> [SOURCE DATA]
◆ ◆ ◆ ◆
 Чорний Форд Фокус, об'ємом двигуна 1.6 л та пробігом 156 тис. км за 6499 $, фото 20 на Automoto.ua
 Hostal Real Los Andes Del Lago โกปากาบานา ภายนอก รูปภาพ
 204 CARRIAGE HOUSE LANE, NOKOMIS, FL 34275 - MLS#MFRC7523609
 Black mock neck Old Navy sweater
◆ ◆ ◆ ◆
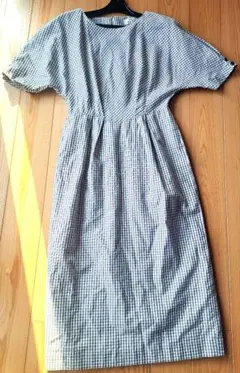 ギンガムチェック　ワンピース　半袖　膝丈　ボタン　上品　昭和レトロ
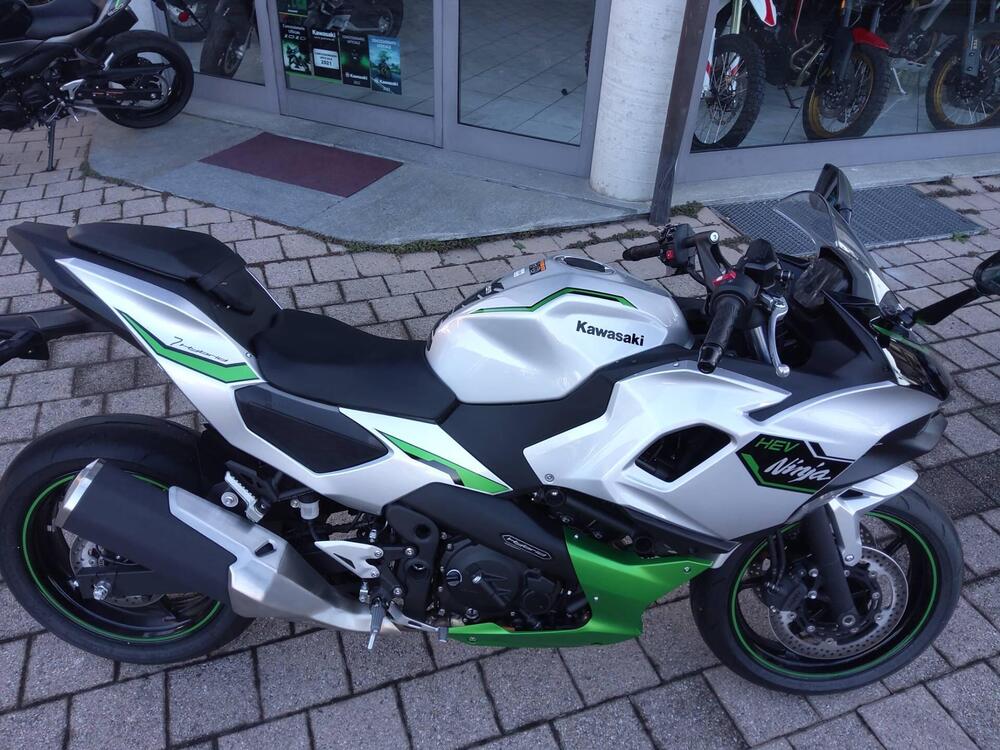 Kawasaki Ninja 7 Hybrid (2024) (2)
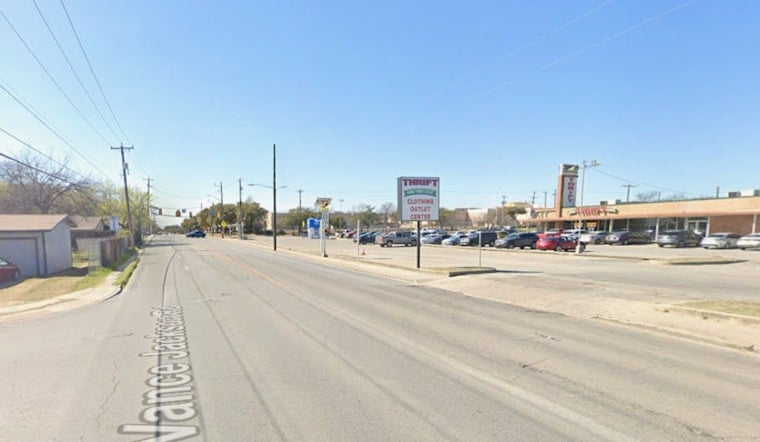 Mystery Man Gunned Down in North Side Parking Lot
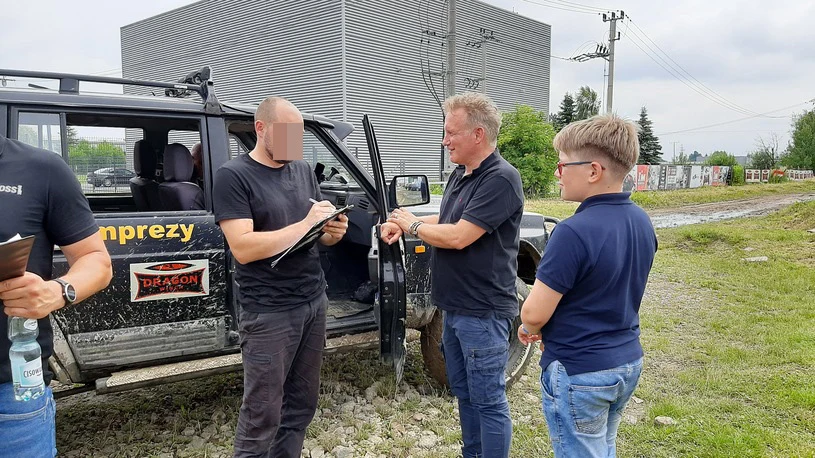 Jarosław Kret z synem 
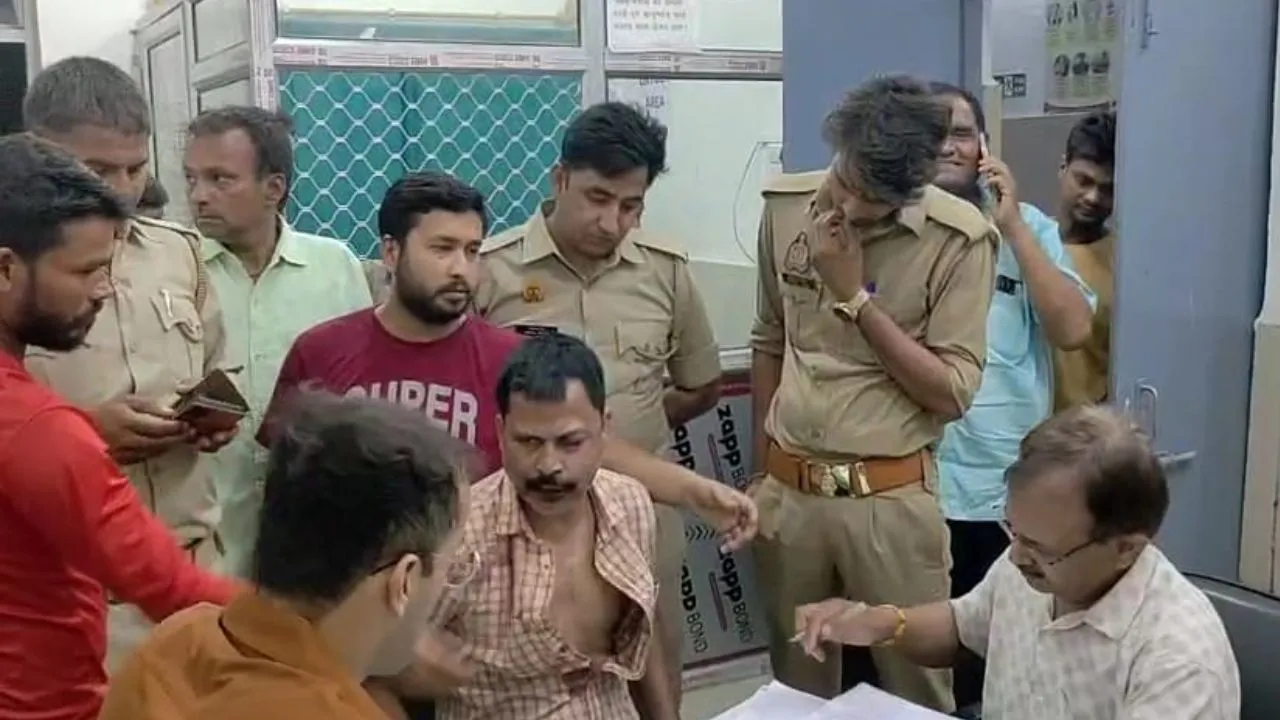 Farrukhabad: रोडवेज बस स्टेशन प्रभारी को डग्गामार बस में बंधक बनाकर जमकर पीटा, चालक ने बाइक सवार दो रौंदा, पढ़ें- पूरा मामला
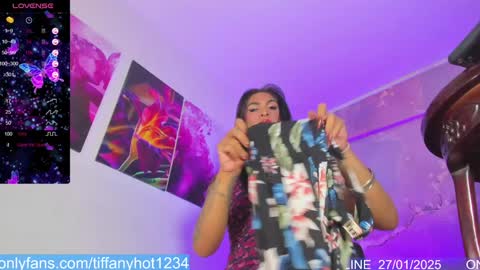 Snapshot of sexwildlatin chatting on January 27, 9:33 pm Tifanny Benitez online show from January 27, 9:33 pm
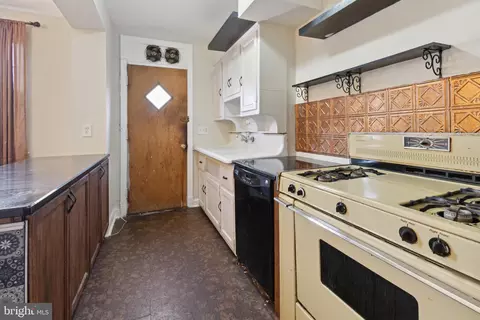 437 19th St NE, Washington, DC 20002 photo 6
◆ ◆ ◆ ◆
> [EXERCISE] In the entries above, the lines from the one bearing "204 CARRIAGE HOUSE" up to and including the one bearing "Black mock neck Old Navy sweater" should be transcribed exactly; no other line is wanted.

> [OUTPUT]
 204 CARRIAGE HOUSE LANE, NOKOMIS, FL 34275 - MLS#MFRC7523609
 Black mock neck Old Navy sweater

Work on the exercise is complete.